_RECORDS PROVIDED_:
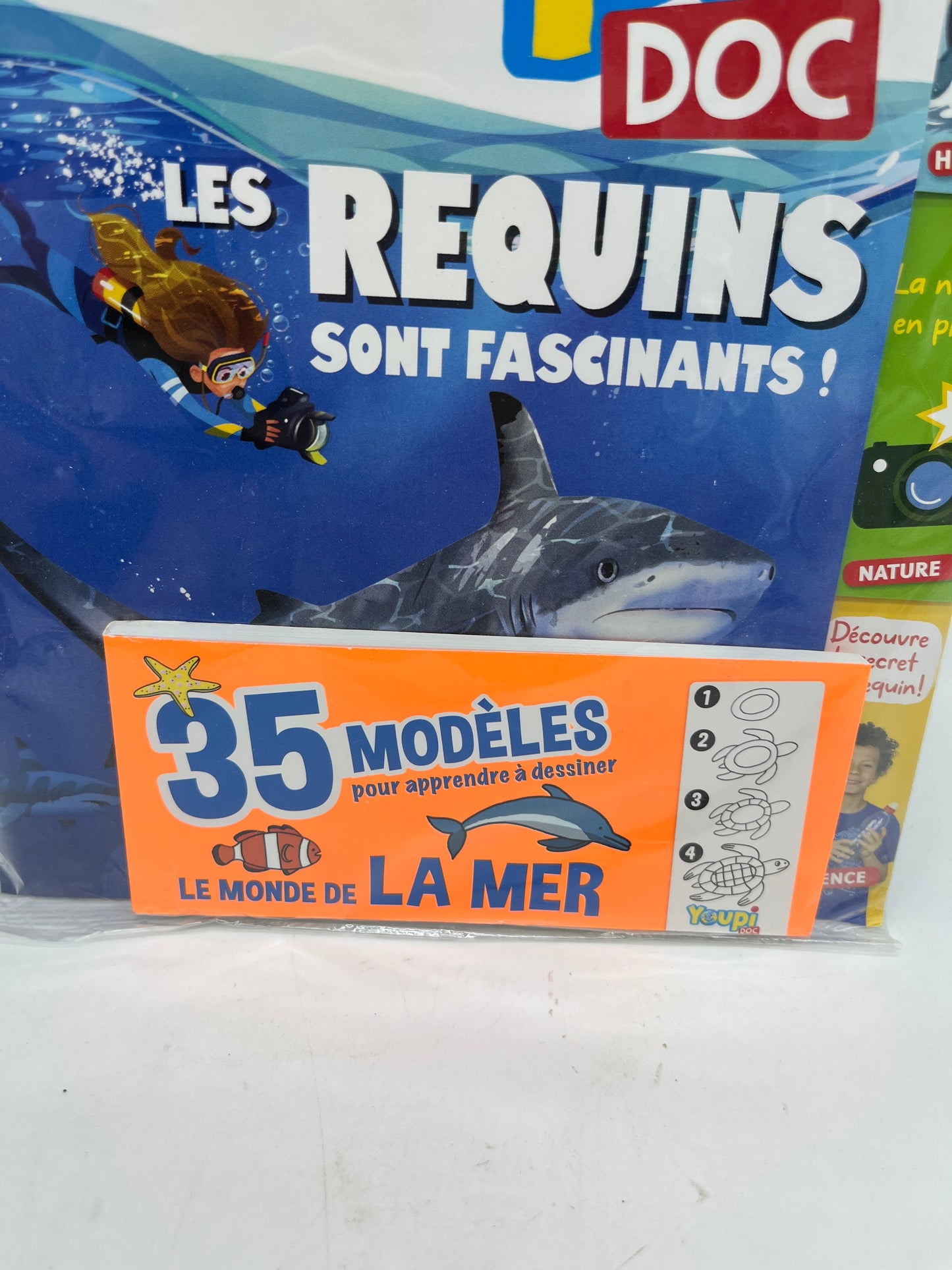 Livre d’activité Magazine Youpi ! J’ai compris thème Les requins avec son carnet pour apprendre à dessiner Neuf sous blister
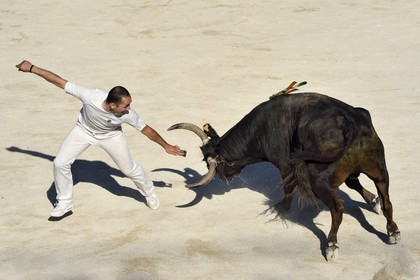 France, Bouches-du-Rhône (13), Arles, la course camarguaise  de la Cocarde d'Or aux Arènes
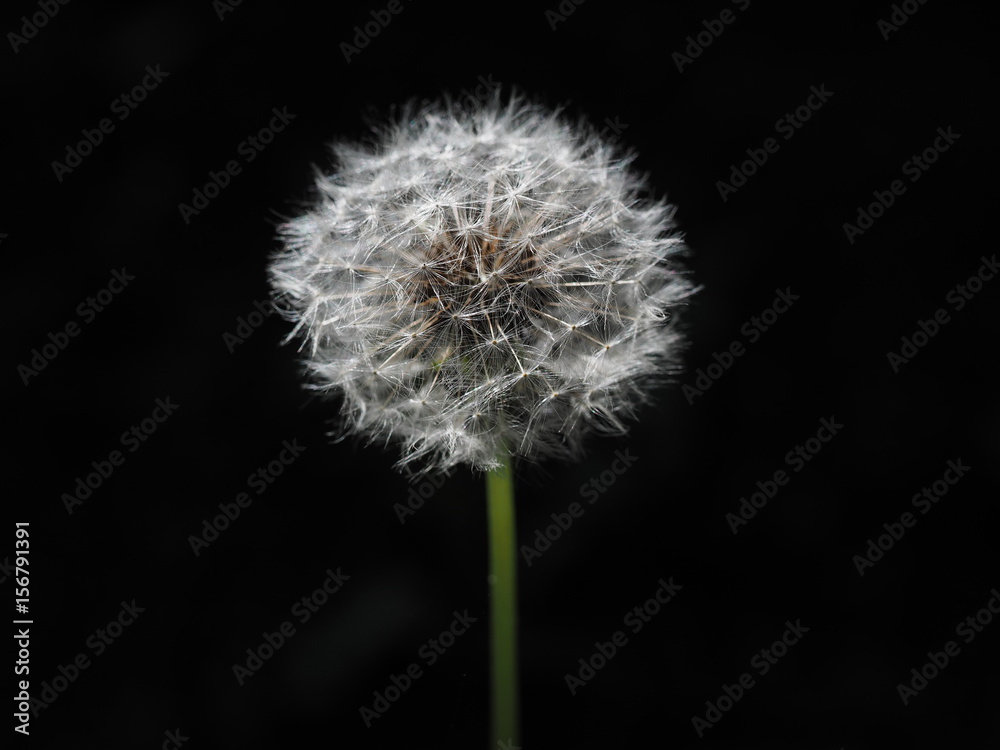Dandelion seeds Dandelion seeds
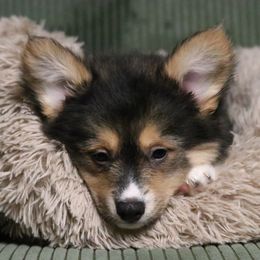 Timber (Fluffy) - Black and tan male Pembroke Welsh Corgi puppy in Fayetteville, Arkansas from Intergalactic Corgis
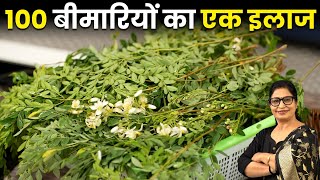 पेड़ नहीं औषधि है  बाल झड़नाबीपीशुगरमोटापा  सबका 1 ही रामबाण इलाज  3 New Winter Recipe [upl. by Aratahs533]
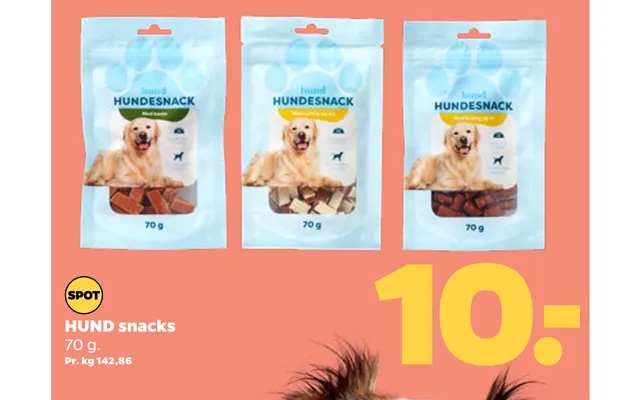 Dog snacks product image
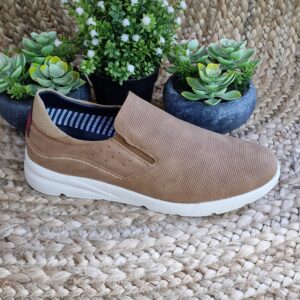 Imagen de 20240125 185857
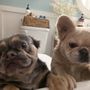 Photo of Glenway Animal Hospital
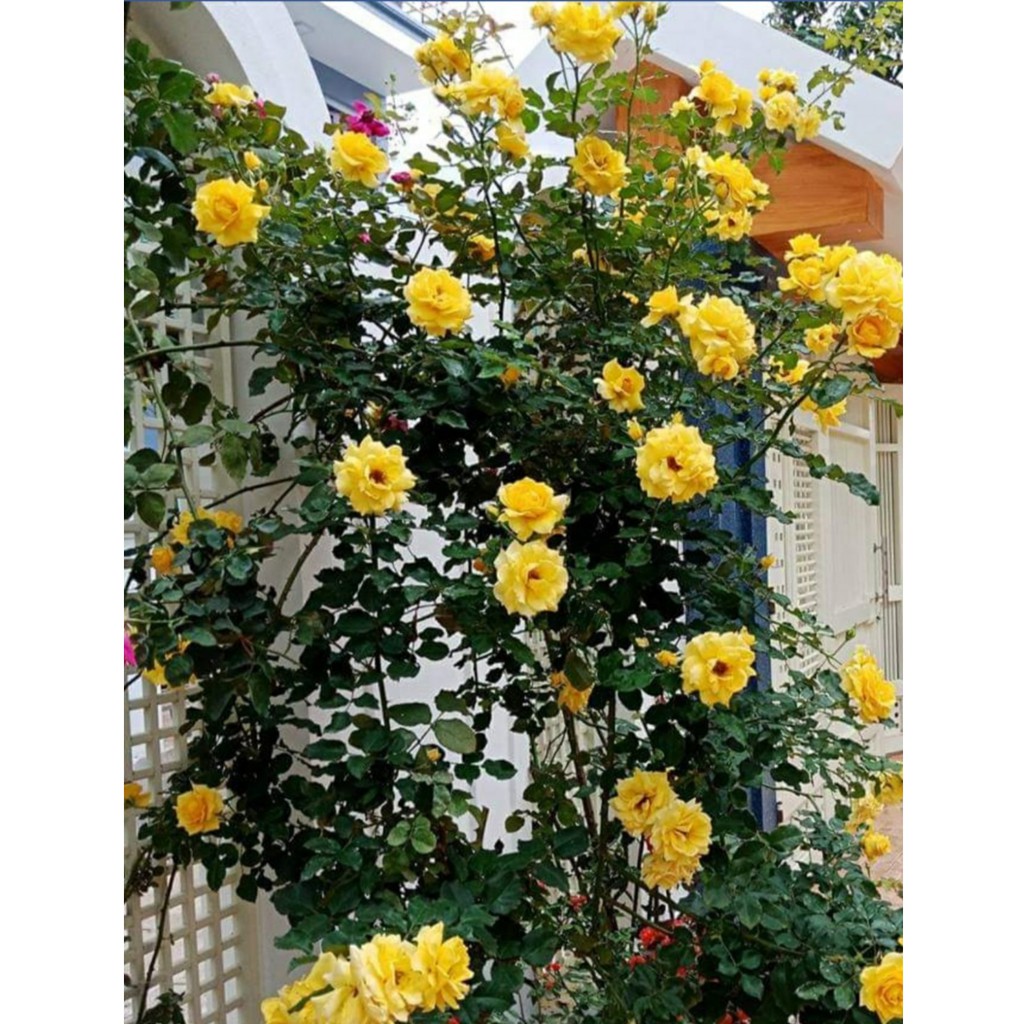 Cành Chiết Hồng Cổ Sơn La Vàng (Cành Chiết Hoa Hồng)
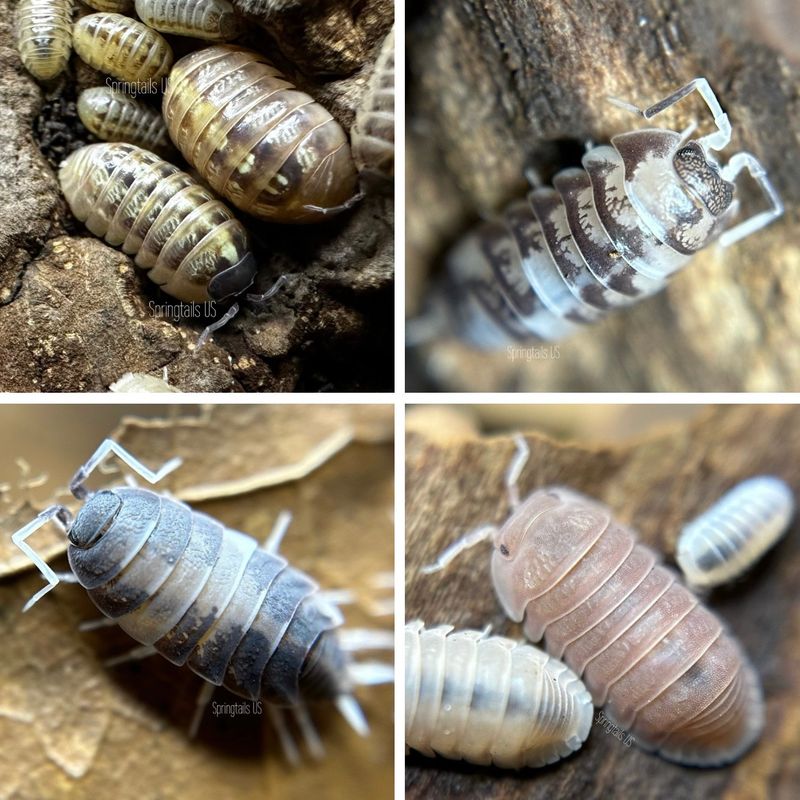 Free Isopods For Live Animal Orders (See Description For Details)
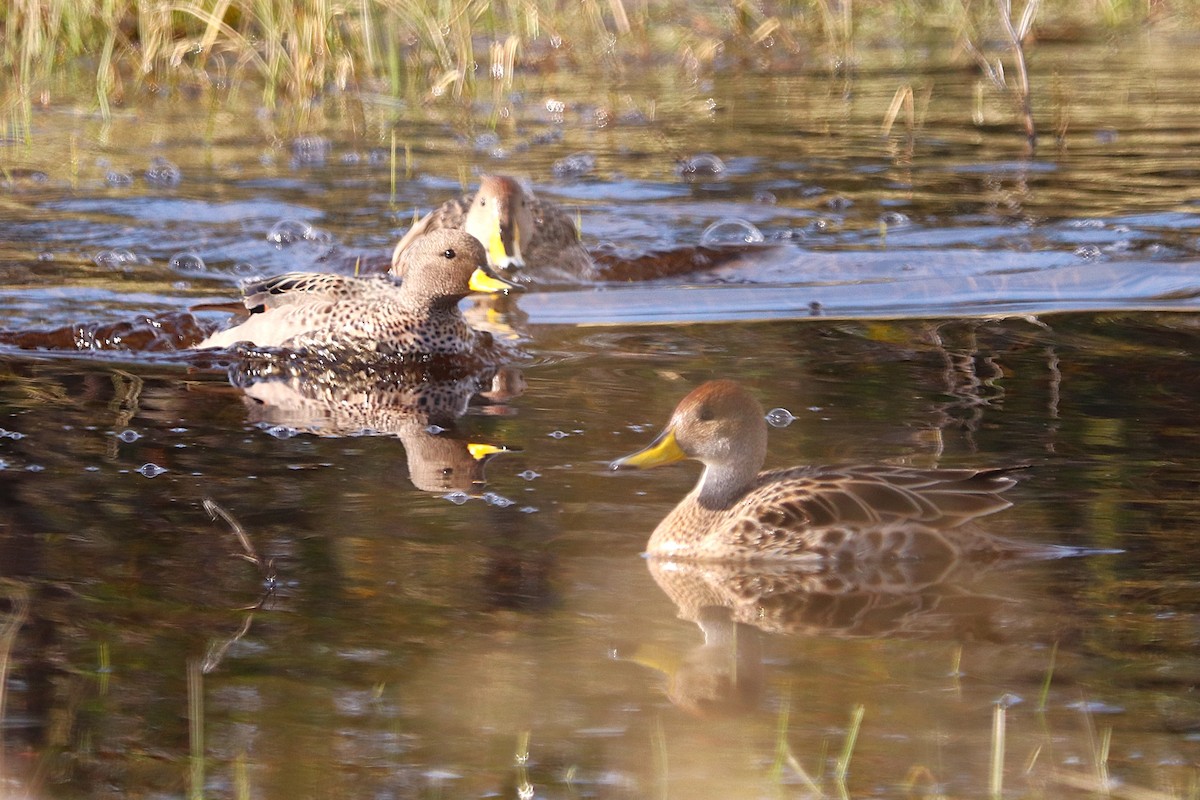 Sarcelle tachetée - ML644457723
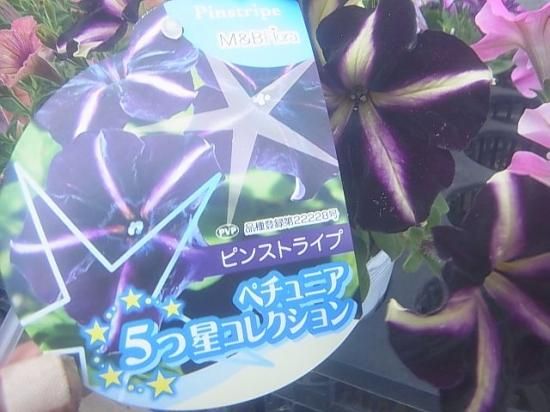 花苗 五つ星セレクション ペチュニア 苗 花の館webshop フクシア100種 エンジェルストランペットなど生産苗を販売ー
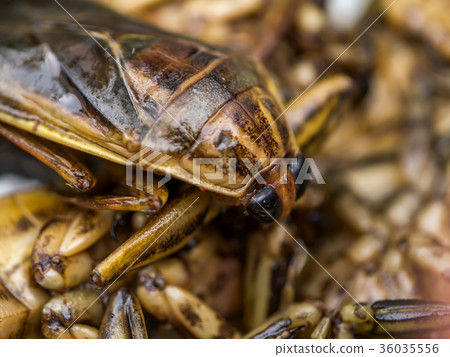 Close up insect of Lethocerus indicus. Close up insect of Lethocerus indicus. 36035556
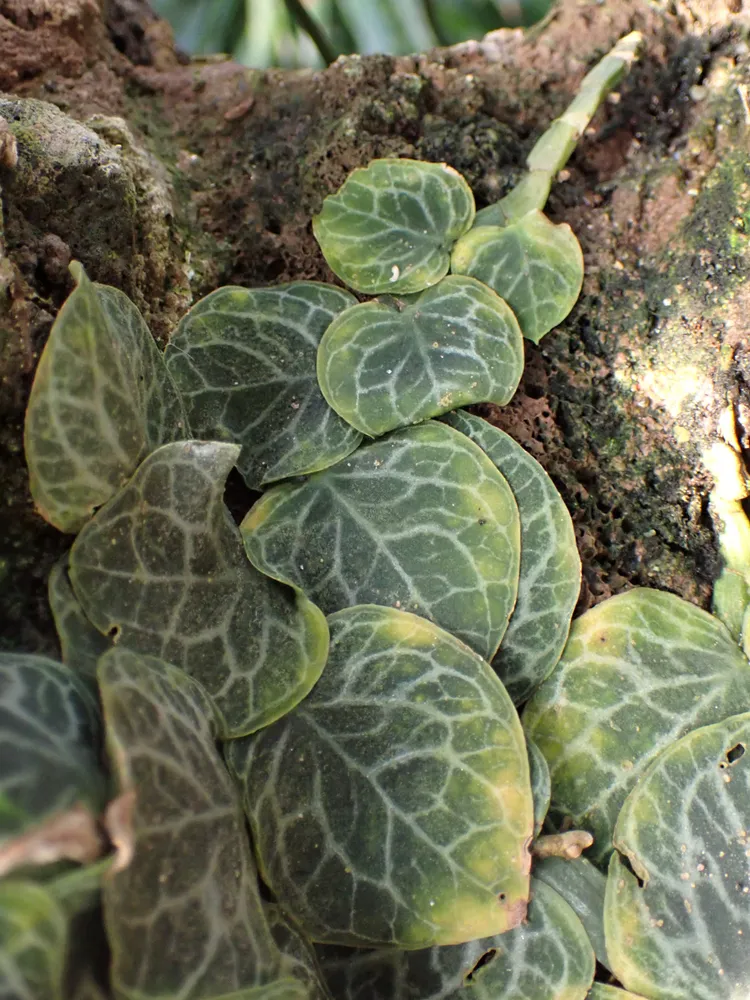 Plante rhaphidophora cryptantha montrant ses caractéristiques typiques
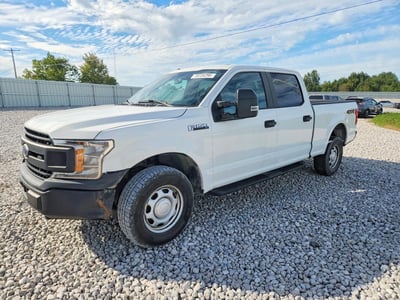 1FTFW1E50KF****** 2019 Ford F-150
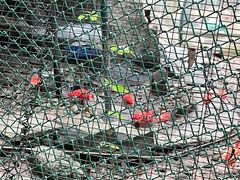 -石排湾郊野公园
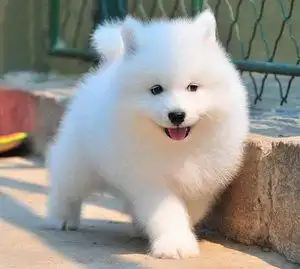 家养纯种宠物图片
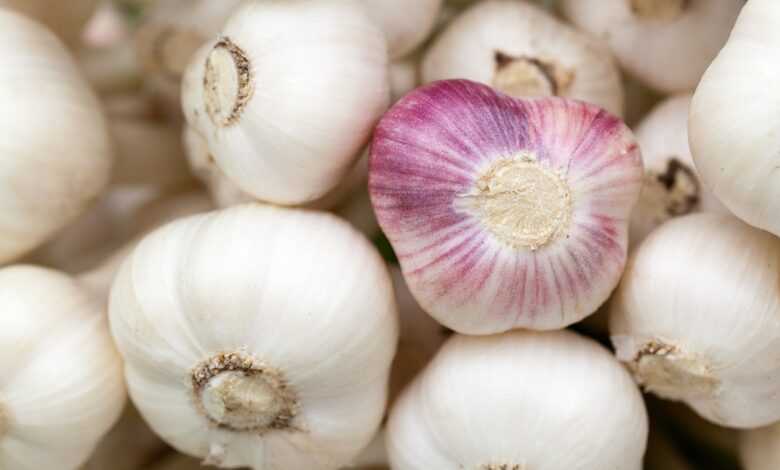 garlic, bulbs, vegetables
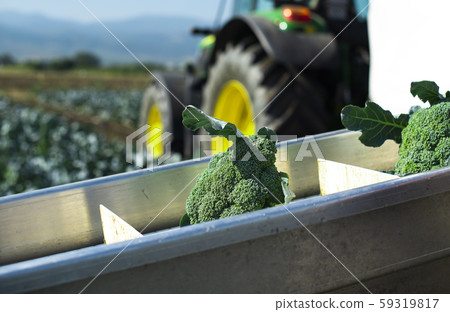 Harvest broccoli in farm with tractor and 59319817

_WHAT IS BEING ASKED_:
Each line above should be returned exactly as it stands, minus any pictures.

_TASK SOLUTION_:
 Livre d’activité Magazine Youpi ! J’ai compris thème Les requins avec son carnet pour apprendre à dessiner Neuf sous blister
 France, Bouches-du-Rhône (13), Arles, la course camarguaise  de la Cocarde d'Or aux Arènes
Dandelion seeds Dandelion seeds
 Timber (Fluffy) - Black and tan male Pembroke Welsh Corgi puppy in Fayetteville, Arkansas from Intergalactic Corgis
 पेड़ नहीं औषधि है  बाल झड़नाबीपीशुगरमोटापा  सबका 1 ही रामबाण इलाज  3 New Winter Recipe [upl. by Aratahs533]
 Dog snacks product image
 Imagen de 20240125 185857
 Photo of Glenway Animal Hospital
 Cành Chiết Hồng Cổ Sơn La Vàng (Cành Chiết Hoa Hồng)
 Free Isopods For Live Animal Orders (See Description For Details)
 Sarcelle tachetée - ML644457723
 花苗 五つ星セレクション ペチュニア 苗 花の館webshop フクシア100種 エンジェルストランペットなど生産苗を販売ー
 Close up insect of Lethocerus indicus. Close up insect of Lethocerus indicus. 36035556
 Plante rhaphidophora cryptantha montrant ses caractéristiques typiques
 1FTFW1E50KF****** 2019 Ford F-150
 -石排湾郊野公园
 家养纯种宠物图片
 garlic, bulbs, vegetables
 Harvest broccoli in farm with tractor and 59319817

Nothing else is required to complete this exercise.